PROBLEM STATEMENT =>
Find "EXCELENTE CASA MULTIFAMILIAR" and "صورة تلفزيونية لحديث الحكم الذي استفز اللاعب" in the records below. Copy the lines holding them and every line between, exactly, and no others.

RECORD SET =>
*** Begin section ***
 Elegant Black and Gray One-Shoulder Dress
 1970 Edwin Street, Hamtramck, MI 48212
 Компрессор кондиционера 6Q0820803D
*** End section ***
*** Begin section ***
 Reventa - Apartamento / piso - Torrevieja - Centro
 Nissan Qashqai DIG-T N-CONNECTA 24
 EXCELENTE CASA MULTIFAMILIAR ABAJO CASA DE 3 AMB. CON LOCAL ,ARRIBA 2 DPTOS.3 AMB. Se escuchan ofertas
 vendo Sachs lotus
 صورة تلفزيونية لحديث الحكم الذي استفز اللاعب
*** End section ***
*** Begin section ***
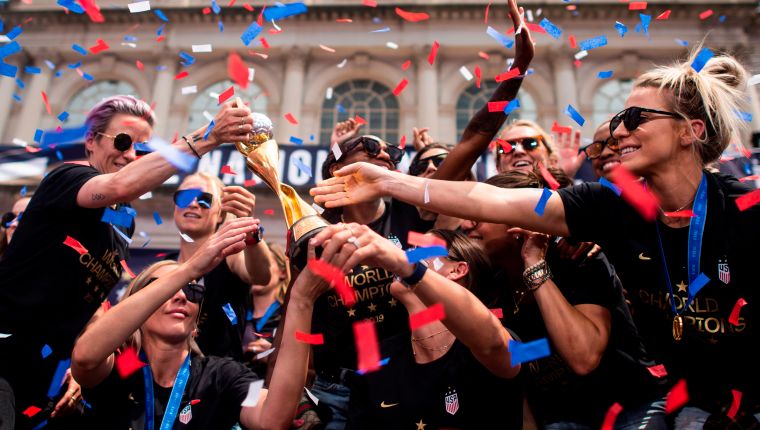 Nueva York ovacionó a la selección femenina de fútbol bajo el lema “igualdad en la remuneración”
*** End section ***
WRITTEN ANSWER =>
 EXCELENTE CASA MULTIFAMILIAR ABAJO CASA DE 3 AMB. CON LOCAL ,ARRIBA 2 DPTOS.3 AMB. Se escuchan ofertas
 vendo Sachs lotus
 صورة تلفزيونية لحديث الحكم الذي استفز اللاعب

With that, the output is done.